**SUPPLIED RECORDS**:
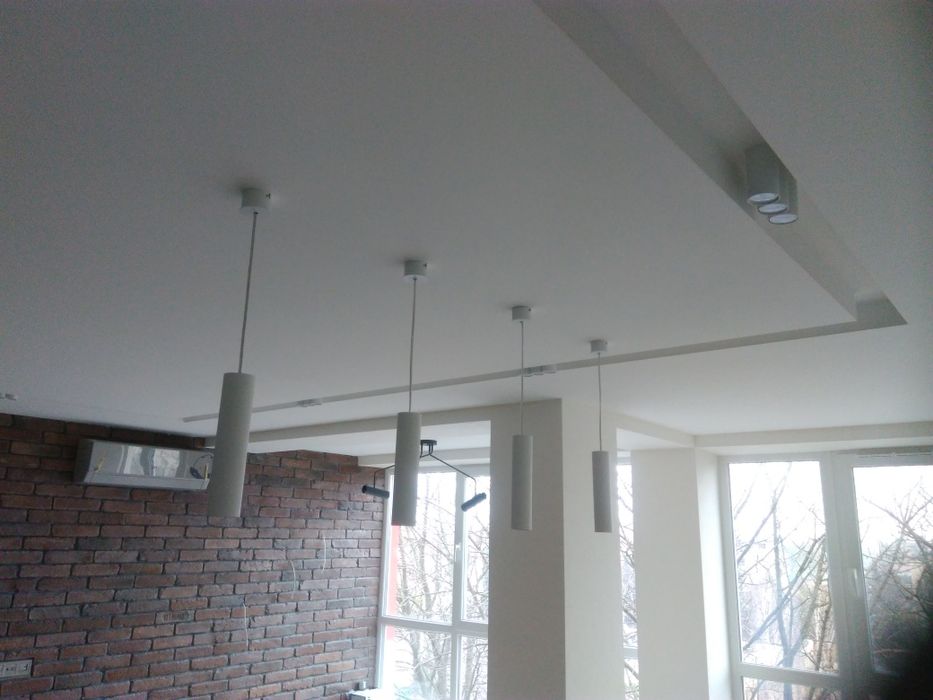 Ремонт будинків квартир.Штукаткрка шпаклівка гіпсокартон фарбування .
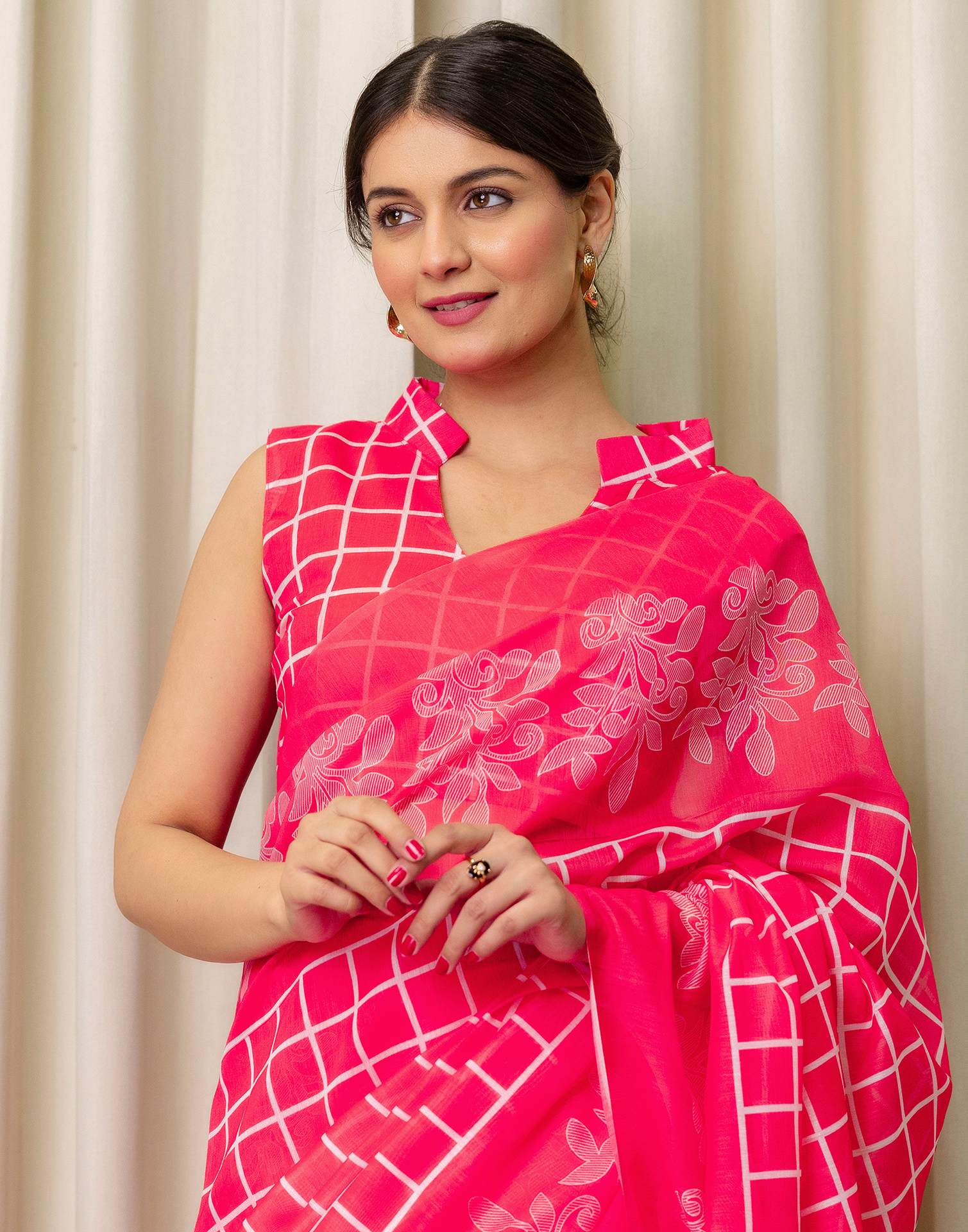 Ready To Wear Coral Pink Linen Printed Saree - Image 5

==

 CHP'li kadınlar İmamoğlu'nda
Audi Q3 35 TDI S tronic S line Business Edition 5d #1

**PROBLEM STATEMENT**: Everything above from the line that has "Ремонт будинків квартир.Штукаткрка" down to the line that has "Ready To Wear" should be output exactly, with both of those lines included. Leave the pictures behind.

**REPLY**:
 Ремонт будинків квартир.Штукаткрка шпаклівка гіпсокартон фарбування .
 Ready To Wear Coral Pink Linen Printed Saree - Image 5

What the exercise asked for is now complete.